Disclaimer: The following case study is illustrative of the work completed at Northrop Grumman. They outline how the goals and job of a UX Researcher have been accomplished. The process, results, and outcomes are all based on real situations; however, the scenario, data, and application have all been adjusted to be publicly consumable.
Business to Business: End User Focused
Scenario:
Thunder LLC has been contacted by Hospital Zep with a request to update Hospital Zep’s Oncology Wing. Thunder LLC has accepted this request and has begun work on the plans for the update. The update will be known as Solution Storm Cloud. Within Solution Storm Cloud are several projects, such as Project Rain Drop, which encompasses the effort to update and create new nurse interfaces. The initial research of Project Rain Drop, identified the following critical updates;
Improve nurse-to-nurse communication during shift changeover
Improve situational awareness of medication stock
Enable simplified scheduling of patient procedures.

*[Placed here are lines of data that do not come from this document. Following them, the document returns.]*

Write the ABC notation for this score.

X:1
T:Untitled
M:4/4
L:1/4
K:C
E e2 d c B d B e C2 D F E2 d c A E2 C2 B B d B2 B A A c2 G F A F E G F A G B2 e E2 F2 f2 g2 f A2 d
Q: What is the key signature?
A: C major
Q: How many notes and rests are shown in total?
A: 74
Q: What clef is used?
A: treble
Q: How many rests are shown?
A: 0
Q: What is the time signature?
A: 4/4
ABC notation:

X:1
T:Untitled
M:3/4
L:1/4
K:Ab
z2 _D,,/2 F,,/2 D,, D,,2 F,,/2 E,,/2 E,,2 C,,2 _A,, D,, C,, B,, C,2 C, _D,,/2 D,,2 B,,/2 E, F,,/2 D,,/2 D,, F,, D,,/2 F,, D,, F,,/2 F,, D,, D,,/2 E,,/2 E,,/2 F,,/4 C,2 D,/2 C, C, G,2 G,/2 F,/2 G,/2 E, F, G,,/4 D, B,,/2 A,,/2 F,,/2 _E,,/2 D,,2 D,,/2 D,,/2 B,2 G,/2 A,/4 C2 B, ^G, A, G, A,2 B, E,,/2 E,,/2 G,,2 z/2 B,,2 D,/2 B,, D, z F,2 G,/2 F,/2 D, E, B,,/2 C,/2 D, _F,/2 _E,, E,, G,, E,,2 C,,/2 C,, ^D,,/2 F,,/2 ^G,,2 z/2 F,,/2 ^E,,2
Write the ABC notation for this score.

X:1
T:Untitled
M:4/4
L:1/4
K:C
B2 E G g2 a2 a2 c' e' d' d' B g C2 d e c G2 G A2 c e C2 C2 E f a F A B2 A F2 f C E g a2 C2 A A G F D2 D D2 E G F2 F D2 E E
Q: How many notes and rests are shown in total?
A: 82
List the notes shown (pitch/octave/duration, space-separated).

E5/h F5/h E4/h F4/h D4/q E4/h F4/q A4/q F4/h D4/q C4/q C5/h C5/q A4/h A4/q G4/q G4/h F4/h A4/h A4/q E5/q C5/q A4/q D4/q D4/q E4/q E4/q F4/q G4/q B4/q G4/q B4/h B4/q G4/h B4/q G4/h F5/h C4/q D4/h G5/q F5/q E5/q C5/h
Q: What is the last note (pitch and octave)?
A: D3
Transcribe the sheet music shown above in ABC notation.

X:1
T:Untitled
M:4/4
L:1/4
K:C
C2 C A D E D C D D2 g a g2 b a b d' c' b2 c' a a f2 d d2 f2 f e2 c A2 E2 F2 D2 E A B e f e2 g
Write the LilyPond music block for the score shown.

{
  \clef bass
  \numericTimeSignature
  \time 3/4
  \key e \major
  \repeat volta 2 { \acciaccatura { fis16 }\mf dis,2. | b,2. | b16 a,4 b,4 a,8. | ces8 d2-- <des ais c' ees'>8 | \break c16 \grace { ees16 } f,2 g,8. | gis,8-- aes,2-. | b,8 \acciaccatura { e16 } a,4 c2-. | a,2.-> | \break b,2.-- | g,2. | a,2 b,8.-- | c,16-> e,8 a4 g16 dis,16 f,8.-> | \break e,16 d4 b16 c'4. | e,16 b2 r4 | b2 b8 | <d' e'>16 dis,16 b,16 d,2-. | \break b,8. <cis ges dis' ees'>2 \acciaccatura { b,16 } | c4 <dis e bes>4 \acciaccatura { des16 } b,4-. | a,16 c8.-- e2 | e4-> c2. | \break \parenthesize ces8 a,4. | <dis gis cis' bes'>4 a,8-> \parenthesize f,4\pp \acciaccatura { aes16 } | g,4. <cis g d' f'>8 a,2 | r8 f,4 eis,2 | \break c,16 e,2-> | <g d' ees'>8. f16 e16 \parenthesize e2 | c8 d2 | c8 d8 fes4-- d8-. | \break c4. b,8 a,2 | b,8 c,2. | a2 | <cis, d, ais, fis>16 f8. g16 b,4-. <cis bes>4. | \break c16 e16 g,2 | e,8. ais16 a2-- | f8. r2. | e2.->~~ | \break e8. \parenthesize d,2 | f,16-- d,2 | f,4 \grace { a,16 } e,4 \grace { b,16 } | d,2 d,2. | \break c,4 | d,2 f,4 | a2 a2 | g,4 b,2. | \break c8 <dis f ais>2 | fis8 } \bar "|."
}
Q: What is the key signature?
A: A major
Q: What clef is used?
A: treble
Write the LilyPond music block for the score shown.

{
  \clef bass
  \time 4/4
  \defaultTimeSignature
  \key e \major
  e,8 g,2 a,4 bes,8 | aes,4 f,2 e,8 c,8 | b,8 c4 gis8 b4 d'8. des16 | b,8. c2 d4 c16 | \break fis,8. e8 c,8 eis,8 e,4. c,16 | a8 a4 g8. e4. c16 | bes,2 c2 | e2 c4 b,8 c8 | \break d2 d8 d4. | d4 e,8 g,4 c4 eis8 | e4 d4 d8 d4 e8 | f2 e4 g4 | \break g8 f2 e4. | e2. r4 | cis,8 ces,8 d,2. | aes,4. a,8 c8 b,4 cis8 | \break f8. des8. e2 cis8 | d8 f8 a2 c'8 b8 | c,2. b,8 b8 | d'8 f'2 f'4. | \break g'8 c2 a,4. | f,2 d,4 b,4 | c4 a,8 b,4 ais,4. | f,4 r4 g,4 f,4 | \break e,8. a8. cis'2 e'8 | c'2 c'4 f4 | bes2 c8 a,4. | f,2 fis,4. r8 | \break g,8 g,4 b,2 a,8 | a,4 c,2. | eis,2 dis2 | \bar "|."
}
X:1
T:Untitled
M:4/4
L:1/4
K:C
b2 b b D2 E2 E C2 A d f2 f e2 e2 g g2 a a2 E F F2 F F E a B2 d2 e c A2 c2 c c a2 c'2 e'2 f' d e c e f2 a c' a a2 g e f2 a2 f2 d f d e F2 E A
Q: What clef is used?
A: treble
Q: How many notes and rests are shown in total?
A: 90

These updates would be implemented while retaining the following capabilities.
View patient information pages
View fellow nurse schedules
A contact list separated by internal and external numbers
These tasks for Project Rain Drop were broken up among the UX Team, with each member focusing on a specific update. However, those team members will work collaboratively to ensure consistency throughout the interfaces across Project Rain Drop.
Solution Storm Cloud is being developed in an Agile environment where multiple stakeholders are working in tandem. This includes the software developers who will be creating the code or other UX team members who are focusing on other aspects of Project Rain Drop. In addition, there are other teams internal to Thunder LLC who have their own requirements for Solution Storm Cloud. These requirements may be based on medical regulations, security, or health and safety. Final stakeholders include Hospital Zep, who will be buying Solution Storm Cloud, and the nurses who will be using portions like Project Rain Drop in their day-to-day operations.
Case Study 3: Preventing Requirements from Causing Adverse Effects on Users
Background:
While working with the software team on Project Rain Drop, a requirement, defined by a hardware safety team, was brought up. The software team explained there will be a need for the Project Rain Drop to implement an alarm every time someone accesses an access port. This was immediately concerning because Nurse’s accessing the access port every time a patient is administered medication. This requirement would mean an alarm would trigger every time a nurse is completing a daily task. The association of an alarm to a daily task could cause the “cry wolf affect” to occur.
Objective:
Research the origin of this requirement to better understand the intention of the requirement. Use this understanding to determine the best path forward; ensuring the intent of the requirement is being met in a way that does not cause further issues for the user.
Method:
Meet with the hardware safety team to determine the intent of the requirement and provide context as to why this could lead for unintended issues.
Determine alternative ways to meet the requirements intent without causing unintended consequences.
Bring alternative requirements and solutions to the hardware safety team for feedback and potential implementation.
Results
Requirement Intent
Nosocomial infections can occur when an access port is left exposed. These infections cost hospitals billions of dollars annually. This requirement’s intent is to aid in reducing the number of nosocomial infections that occur by alerting the nurses when a port is accessed.
The cry wolf effect was explained to the Hardware safety team. Specifically, the potential effect of the Cry Wolf Effect on the frequency of nosocomial infections. There is the potential for the frequency to not change or increase due to the nurses not recognizing the alarm as an actual issue that needs to be fixed.
Alternative solutions
The alarm should not be provided when the port is initially accessed. Based on the intent of the requirement there needs to be a definition as to when the port has been left exposed for too long.
Request to alter the requirement so there is a defined time frame the port can be left open. This will prevent the cry wolf affect and while also adding the advantage of indicating to the nurse if the access port needs to be re-sanitized even if they are still actively giving medication.
Conclusion
After explaining the adverse effects of the requirement’s current verbiage, the new ask and positive outcome were presented to the hardware safety team. They agreed that the intent of the requirement was not being met by the way it was currently worded. There was discussion of utilizing the current protocols nurse’s have pertaining to sanitization to add further definition to the requirement. Once the requirement verbiage is adjusted the hardware safety team will send the new requirement to the UX team for feedback and situational awareness. Once the requirement’s verbiage is re-solidified the UX team will review the best way to implement the need into Project Rain Drop.